To remove the same amount of condensate at a certain differential pressure, you can use different types of traps. All traps have a specific technical performance and an optimum operating range. The choice is based on the conditions of use. You should not select a trap simply from the point of view of maximum discharge capacity, nor should you choose a trap based solely on the size of the condensate pipe diameter. In general, when selecting a trap, the first step is to choose the most suitable form of the valve according to the conditions of use and installation location concerning the technical performance of the various traps. Then we can select the trap specification and quantity from the manufacturer’s catalog according to the working pressure difference and condensate volume before and after the trap.
①We should not select a hole-trigger trap when the condensate load changes to less than 15% of the rated maximum discharge capacity. It is because, under low loads, it will cause a partial loss of fresh steam leakage.
②In cases where you must remove condensate after it has formed, we should not use orifice traps. Neither should we use a thermostatic bellows-type trap. Both require a certain degree of subcooling (approximately 1.7 to 5.6°C).
③Orifice plate traps and thermostatic traps do not remove condensate immediately. Therefore, we must not use them on steam turbines, steam pumps, or steam mains with manifolds. We do not use them even for the drainage of turbine casings. In all of the above cases, we use float traps. You can also use thermodynamic traps when necessary.

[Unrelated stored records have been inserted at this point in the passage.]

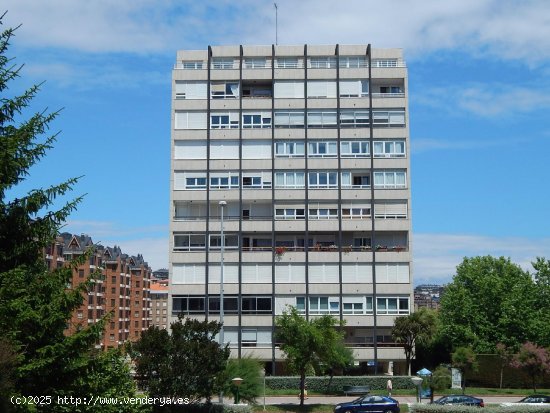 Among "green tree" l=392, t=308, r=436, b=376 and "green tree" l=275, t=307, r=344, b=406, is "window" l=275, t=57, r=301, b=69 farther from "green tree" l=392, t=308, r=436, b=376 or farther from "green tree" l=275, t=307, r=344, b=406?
"green tree" l=275, t=307, r=344, b=406

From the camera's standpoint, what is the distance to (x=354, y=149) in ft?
221

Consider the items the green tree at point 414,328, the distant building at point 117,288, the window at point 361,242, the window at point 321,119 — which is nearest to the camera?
the green tree at point 414,328

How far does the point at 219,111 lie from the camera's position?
67.7m

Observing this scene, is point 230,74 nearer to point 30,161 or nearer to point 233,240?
point 233,240

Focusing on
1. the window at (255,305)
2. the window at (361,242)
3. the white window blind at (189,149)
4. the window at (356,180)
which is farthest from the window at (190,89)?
the window at (361,242)

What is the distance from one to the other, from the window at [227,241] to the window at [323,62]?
1826 cm

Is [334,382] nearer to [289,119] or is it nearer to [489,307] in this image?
[489,307]

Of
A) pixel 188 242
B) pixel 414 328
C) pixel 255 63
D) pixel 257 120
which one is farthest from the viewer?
pixel 255 63

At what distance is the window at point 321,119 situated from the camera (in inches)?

④ Thermodynamic traps have near-continuous drainage performance. Therefore, it has many applications and can generally be used. However, its maximum allowable back pressure must not exceed 50% of the inlet pressure. It also requires that you should use float traps in quiet locations.

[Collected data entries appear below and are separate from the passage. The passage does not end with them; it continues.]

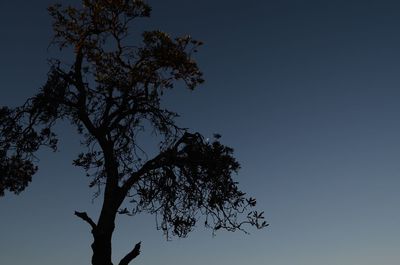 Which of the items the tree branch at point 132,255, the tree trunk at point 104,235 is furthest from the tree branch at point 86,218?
the tree branch at point 132,255

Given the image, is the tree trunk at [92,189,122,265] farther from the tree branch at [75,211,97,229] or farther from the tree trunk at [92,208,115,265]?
the tree branch at [75,211,97,229]

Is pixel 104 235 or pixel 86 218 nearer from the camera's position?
pixel 86 218

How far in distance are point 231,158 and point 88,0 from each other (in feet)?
25.4

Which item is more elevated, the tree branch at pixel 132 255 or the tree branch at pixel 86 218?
the tree branch at pixel 86 218

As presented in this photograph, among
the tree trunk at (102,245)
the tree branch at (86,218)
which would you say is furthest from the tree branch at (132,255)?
the tree branch at (86,218)

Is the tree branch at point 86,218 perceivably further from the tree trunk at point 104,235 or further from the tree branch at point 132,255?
the tree branch at point 132,255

⑤ For intermittent indoor steam heating equipment or piping, we can use inverted bucket traps. Again, it is because of its good exhaust performance.
⑥We should not use mechanical traps for traps installed outdoors again. And we should have anti-freeze measures (such as stopping and emptying, insulation, etc.) when necessary.
⑦The location of trap installation varies. However, there are three general categories based on the direction of condensate flow and the movement of the trap.
It is shown in the below location diagram.
(a) Any form of trap can be used as shown.
(b) The floating bucket type shown is not available. However, you may use bimetallic traps.
(c) The formation of condensate shown in (c) is the same as the elevation of the trap location. You may choose a floating bucket, thermodynamic or bimetallic trap
What are the applications for steam traps?
①We can determine the differential pressure between the inlet and outlet of a steam trap based on the actual operating conditions. The inlet pressure of a steam trap is the minimum operating pressure at the inlet of the steam trap due to fluctuations in steam pressure or throttling of the temperature regulator valve. The outlet pressure of a steam trap is the highest working backpressure that may develop after the steam trap. When discharged to the atmosphere, the actual differential pressure is determined by the steam trap inlet pressure. Therefore, you should generally install this type of valve horizontally in the piping.
② Based on the amount of condensate generated by the steam heating equipment during regular operation, multiplied by the selection correction factor k. We can then select the steam trap according to its discharge capacity.
③The amount of condensate can be calculated using the following methods.
(1) The amount of condensate generated when the pipeline is in operation Q=q0L(1-Z/%)(kg/h), in this formula
Q: condensate volume (kg/h)
q0: the amount of condensation generated by the light pipe (kg/h)
L: distance between hydrophobic points (m)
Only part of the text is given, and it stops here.